Mittlerweile aber hat die Stabilität des Ölpreises der nigerianischen Wirtschaft neues Leben eingehaucht, zumal sich parallel die Daten zum privaten Konsum verbessern. Dadurch wurde insbesondere der Bankensektor attraktiv: Im Jahr 2017 wurden Banken zu Bewertungen gehandelt, die nahegelegt haben, dass die meisten von ihnen pleitegehen würden – eine zu pessimistische Sichtweise, wie sich herausstellen sollte.

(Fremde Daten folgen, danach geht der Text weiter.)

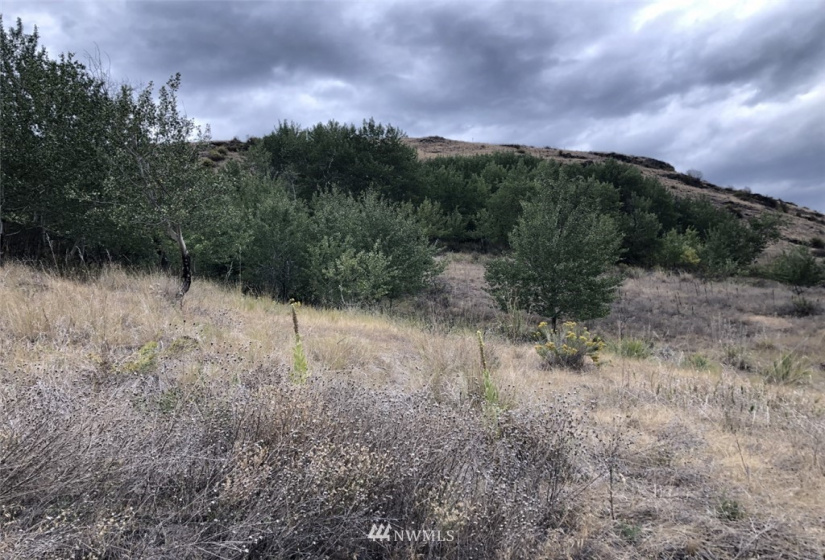 213 Bolster, Oroville, Washington 98844, ,Land,For Sale,Bolster,NWM1838328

Auch wenn das volkswirtschaftliche Umfeld heute deutlich besser aussieht, bleiben allerdings Anfälligkeiten bestehen. Das betrifft vor allem die Währung, die häufig noch weitab vom offiziellen Wechselkurs gehandelt wird. Und obwohl es durchaus möglich erscheint, ist doch noch unsicher, ob Präsident Muhammadu Buhari in seiner zweiten Amtszeit den nötigen Schwerpunkt auf wirtschaftlichen Fortschritt legen wird.

Bangladesch
Das Land erlebt einen monumentalen Wandel. Über das vergangene Jahrzehnt hat sich das BIP pro Kopf auf 1.500 US-Dollar fast verdoppelt; die ausländischen Direktinvestitionen haben sich verdreifacht, und die Exportquote liegt nicht weit unter 20%. Zudem stieg die Alphabetisierungsrate von 47% auf 73%, und nach einer Verdreifachung der Energieproduktion haben mittlerweile 90% der Bevölkerung Zugang zur Energieversorgung.

Wirtschaftliche Reformen haben das Potenzial, den Exportsektor noch weiter zu entwickeln. Das gilt insbesondere vor dem Hintergrund, dass die Niedriglohn-Fertigung sich zunehmend aus China nach Bangladesch, Kambodscha, Myanmar und Vietnam verschiebt.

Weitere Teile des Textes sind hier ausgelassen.